Think about your room in your house. If you could change one thing about your room, what would it be, and why?
What about your whole house? If you could change one thing about your house, what would it be and why?
What about school? What’s something you’d change about school?
What about your life? What’s one thing you’d change about your life?
Encourage students to be serious with their answer and to write it down on their piece of paper. Try and get them to think about a thing or situation they really struggle with. Getting better at a video game or winning the lottery aren’t the type answers we’re going for. Let them know that they won’t have to show it to anyone.
One more as we stay in this serious mind set.
What would you say is the next step that you need to take in your relationship with God?

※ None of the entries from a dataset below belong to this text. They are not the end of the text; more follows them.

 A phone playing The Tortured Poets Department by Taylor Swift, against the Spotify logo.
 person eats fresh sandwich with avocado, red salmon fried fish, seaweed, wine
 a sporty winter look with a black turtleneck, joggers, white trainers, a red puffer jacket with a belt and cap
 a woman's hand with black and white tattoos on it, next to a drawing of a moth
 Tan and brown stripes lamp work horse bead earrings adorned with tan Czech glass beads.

Don’t just write down what you think it should be but really think about it.

Transition

Nehemiah, a story that happens during a time in history when Israel was no longer an independent nation, let alone a powerful one. Let’s make sure we are all on the same page.

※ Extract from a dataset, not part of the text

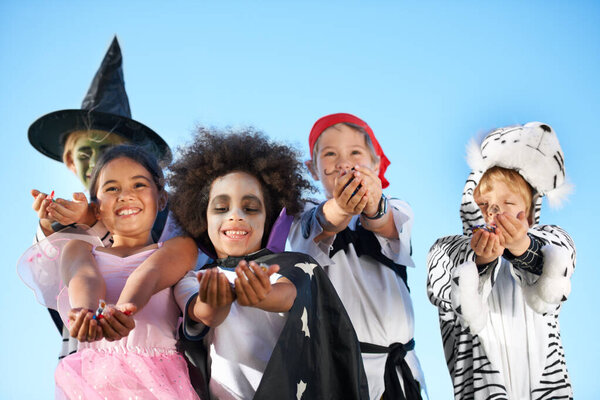 Children, group and hands in halloween costume for sweet candy asking, trick or treat for fantasy. Friends, smile and dress up as witch or pirate for holiday fun, kid development on sky background.
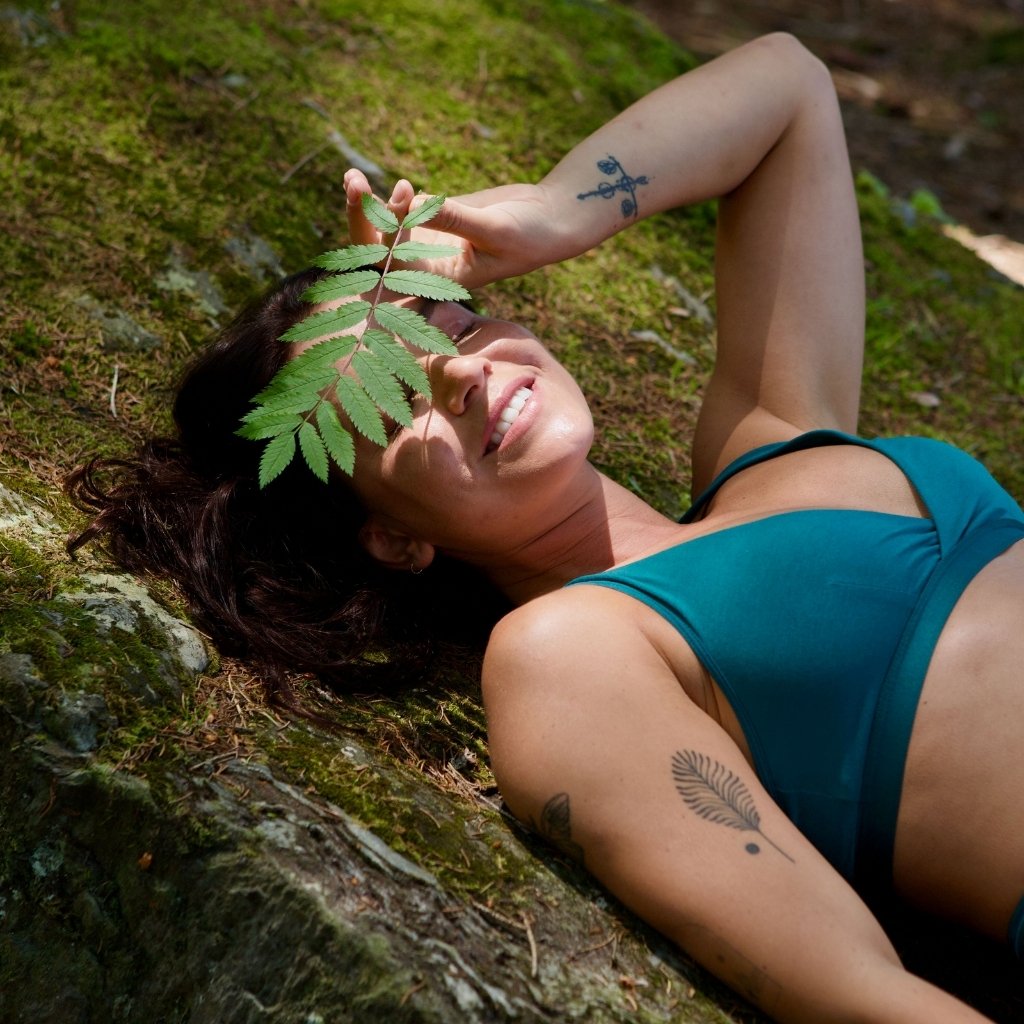 Model lying on a mossy rock in the forest wearing the Freya style in bayberry while playfully holding a leaf across her eyes, introducing our new limited edition colour.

· Israel became a dived nation, resulting in two kingdoms, Israel and Judah.
· Israel was eventually defeated by Assyria and the Babylonians defeated Judah. Most of the wealthy and influential people were captured and taken into exile.
· Several decades later, after the Persians defeated the Babylonian Empire, the exiles from Judah were allowed to return to Jerusalem. Some decided to stay.

Book

I want to start by taking some time and making a list of the Promise that God made to Abraham.

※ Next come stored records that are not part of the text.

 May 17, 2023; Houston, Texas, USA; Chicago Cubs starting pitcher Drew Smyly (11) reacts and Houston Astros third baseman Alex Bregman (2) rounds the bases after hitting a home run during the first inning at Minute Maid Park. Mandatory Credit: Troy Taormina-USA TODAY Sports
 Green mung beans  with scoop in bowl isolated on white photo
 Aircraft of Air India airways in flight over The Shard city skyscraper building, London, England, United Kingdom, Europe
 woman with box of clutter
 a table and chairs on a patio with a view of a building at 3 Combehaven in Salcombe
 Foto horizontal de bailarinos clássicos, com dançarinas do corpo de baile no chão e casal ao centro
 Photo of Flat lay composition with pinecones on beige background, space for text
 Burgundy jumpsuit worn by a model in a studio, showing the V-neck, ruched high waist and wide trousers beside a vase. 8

God’s Promises to Abraham:
We talked last week about how it did not look like God was going to keep His promises. That when Israel looked around at their circumstances it look like God had given up. There was lots of doubt among the people of God. The nation was divided , the people scattered among lands that were not their own, and if we were to stop right here we would say yep no way God is going to come through on this is there.
Imagine a job where having a bad attitude doesn’t just get you reprimanded—it gets you executed.
Fifth century BC: Many of the Jews are still in exile in Persia. The Jerusalem wall has been destroyed, which means the Jews who have returned to Jerusalem are unprotected. They are being persecuted and murdered. They desperately need help from the Persian monarchy. They need an insider.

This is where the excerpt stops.